The NAACP and Payne Theological Seminary in Wilberforce have partnered to tackle the issue of HIV and AIDS in the black community. The civil rights organization says its research shows that one in sixteen black men and one in thirty-two black women will contract HIV.

It's statistics like those that brought the NAACP's Health Department Manager, Rev. Keron Sadler, to Payne over the weekend to visit a class called "What Effective Clergy Need to Know about HIV/AIDS, A Global Perspective from a Biological Point of View." Sadler feels that it's important to teach future clergy how to address the issue in the church.

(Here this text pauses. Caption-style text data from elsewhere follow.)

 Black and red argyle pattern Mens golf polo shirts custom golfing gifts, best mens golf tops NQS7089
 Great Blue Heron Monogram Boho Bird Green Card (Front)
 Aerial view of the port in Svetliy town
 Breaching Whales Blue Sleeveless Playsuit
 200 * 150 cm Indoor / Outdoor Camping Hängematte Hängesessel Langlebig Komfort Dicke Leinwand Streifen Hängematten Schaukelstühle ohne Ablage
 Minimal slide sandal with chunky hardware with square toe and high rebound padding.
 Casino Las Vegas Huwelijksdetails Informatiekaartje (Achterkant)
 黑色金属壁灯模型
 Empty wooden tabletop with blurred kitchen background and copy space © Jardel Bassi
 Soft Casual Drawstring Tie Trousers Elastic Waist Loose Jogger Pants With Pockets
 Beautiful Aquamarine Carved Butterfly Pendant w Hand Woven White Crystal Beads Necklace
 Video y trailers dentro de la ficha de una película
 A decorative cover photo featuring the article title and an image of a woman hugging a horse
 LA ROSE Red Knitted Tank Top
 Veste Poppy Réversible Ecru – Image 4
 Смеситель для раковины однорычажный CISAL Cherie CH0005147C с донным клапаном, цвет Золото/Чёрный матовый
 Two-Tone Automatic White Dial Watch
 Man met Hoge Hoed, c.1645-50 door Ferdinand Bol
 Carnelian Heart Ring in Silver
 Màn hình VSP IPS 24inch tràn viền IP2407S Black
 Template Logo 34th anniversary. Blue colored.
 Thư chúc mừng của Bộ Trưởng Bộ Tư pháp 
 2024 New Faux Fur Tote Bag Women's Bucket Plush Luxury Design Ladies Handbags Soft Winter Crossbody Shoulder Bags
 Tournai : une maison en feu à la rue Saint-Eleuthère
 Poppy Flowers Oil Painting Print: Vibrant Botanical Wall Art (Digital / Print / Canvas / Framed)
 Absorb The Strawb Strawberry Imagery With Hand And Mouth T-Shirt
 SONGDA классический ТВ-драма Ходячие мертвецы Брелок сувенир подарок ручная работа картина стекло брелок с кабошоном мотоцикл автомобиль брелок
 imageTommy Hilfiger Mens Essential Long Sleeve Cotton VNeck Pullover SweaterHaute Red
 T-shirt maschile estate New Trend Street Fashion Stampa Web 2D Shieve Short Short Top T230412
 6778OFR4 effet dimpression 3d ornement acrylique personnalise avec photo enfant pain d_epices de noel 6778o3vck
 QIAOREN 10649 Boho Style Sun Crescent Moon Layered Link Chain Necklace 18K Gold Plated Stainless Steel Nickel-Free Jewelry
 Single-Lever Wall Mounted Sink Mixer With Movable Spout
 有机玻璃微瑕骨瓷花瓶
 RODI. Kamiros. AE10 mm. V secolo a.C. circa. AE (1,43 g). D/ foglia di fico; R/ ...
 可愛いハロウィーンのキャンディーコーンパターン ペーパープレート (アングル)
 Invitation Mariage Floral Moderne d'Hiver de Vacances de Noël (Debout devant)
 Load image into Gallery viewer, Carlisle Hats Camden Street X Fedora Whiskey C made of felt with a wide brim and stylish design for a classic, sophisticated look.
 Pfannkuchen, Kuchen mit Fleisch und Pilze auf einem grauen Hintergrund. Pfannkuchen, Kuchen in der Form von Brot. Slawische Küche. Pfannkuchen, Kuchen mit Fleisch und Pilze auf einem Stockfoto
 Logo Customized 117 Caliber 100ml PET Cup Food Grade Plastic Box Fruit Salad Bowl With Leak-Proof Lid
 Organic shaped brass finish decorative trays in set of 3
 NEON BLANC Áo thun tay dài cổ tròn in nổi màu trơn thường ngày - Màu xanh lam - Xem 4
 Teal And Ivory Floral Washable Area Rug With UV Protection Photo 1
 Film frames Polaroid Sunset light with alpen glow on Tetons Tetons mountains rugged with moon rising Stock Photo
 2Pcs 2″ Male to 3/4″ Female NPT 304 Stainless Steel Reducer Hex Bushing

"So, if we don't take a stance and begin to have this conversation as a black community and more specifically as a black faith community, than who will have this conversation?" she says.

The Rev. Dr. Oveta Fuller of Payne is a renowned microbiologist and virologist who developed the HIV/AIDS course. Dr. Fuller believes that clergy and the community have to find useful ways to battle the disease together.

"I know the Catholic church and some others have always focused on abstinence as opposed to condom use particularly for young adults," Dr. Fuller said. "So we do all three; we do abstinence, we do being faithful which lines up with Christian doctrine and most religious doctrine, and then we also add if you are not going to do A or B, then do C. The point is to keep the virus out of your body."

Dr. Leah Gaskin Fitchue, the president of Payne Theological Seminary, has made the HIV/AIDS awareness class mandatory for all students.